For Grading Scale, see the UCLA’s Registrar webpage.
Exceptions to the above Grading Scale are that the Law grade of “P” will be the equivalent of the Graduate Division grade of “S” and the Law grade of “NC” will be the equivalent to the Graduate Division grade of “U.”
There is no mandatory distribution of grades for M.L.S. students whether they are in courses with J.D. students or courses with only M.L.S. students.
In addition to the grade determined on an anonymous basis, an instructor may give a grade for class performance. This grade may be in the form of an increase or decrease, not exceeding one grading unit (e.g., B to B+ or B–, C+ to B– or to C), or it may be in the form of “points” awarded so long as the points provided for class participation do not exceed 20% of the total points available for the course. An instructor must announce not later than the end of the first week of instruction that grades for class performance will or may be given. The announcement may be verbal, included in the syllabus, or posted on the instructor’s webpage.
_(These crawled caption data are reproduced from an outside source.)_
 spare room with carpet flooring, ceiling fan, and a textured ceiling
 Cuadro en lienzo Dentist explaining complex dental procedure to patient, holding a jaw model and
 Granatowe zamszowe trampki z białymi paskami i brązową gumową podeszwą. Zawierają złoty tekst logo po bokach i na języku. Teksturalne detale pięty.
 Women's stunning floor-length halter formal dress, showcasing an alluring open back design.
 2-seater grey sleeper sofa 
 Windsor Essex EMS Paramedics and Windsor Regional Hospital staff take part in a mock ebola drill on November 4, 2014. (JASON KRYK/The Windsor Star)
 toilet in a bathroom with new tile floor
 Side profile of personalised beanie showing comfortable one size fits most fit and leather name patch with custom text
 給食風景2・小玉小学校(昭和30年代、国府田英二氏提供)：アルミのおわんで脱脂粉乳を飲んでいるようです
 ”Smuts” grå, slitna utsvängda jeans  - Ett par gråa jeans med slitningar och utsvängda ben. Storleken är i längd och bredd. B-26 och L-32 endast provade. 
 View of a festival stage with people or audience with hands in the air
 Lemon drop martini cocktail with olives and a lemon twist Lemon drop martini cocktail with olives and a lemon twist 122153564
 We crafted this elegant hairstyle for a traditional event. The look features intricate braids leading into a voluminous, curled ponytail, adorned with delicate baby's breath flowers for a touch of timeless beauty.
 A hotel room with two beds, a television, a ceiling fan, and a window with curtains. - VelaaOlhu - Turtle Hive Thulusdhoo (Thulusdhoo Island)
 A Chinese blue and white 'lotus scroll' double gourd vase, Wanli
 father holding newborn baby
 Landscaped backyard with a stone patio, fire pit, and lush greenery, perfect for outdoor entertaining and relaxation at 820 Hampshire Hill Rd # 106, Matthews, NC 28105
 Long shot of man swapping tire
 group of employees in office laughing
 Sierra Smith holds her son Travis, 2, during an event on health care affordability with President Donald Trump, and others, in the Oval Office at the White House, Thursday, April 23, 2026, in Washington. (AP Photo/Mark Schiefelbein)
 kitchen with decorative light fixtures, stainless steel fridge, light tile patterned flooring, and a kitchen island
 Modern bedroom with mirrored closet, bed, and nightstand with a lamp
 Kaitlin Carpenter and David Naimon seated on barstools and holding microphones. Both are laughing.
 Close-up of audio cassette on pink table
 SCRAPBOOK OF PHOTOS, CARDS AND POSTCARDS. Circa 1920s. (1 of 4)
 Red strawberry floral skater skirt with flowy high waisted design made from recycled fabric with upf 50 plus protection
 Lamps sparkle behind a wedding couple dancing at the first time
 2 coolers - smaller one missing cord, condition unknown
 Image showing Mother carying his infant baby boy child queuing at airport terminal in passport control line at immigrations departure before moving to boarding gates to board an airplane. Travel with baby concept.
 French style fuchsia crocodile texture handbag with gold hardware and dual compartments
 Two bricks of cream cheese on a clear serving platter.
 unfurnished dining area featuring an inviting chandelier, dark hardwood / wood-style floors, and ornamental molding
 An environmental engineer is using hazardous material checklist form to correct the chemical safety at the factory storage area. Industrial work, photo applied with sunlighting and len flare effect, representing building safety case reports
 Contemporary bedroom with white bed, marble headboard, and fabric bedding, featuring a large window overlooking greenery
The grade for class performance should reflect the quality (as distinguished from mere quantity) of a student’s participation in class discussion. A student should never be penalized for asking questions. However, the class performance grade may reflect a student’s attendance, level of preparation for class and/or performance on assigned exercises.
In courses for which grading is not primarily anonymous, such as seminars, letter-graded experiential courses and “hybrid” courses in which grading is only partially anonymous (determined by a non-anonymous paper and an anonymous exam), participation can count for more than one grading unit at the professor’s discretion.
Students may prospectively elect to be graded on a Pass/No Credit basis in no more than one (1) course, carrying no more than four (4) semester units of credit. This option must be elected by the last day of instruction.
The above option applies to courses in which letter grades would otherwise be assigned.
This option, once elected, shall not be revocable or transferable, even if hindsight proves conclusively that a different choice would have been more beneficial.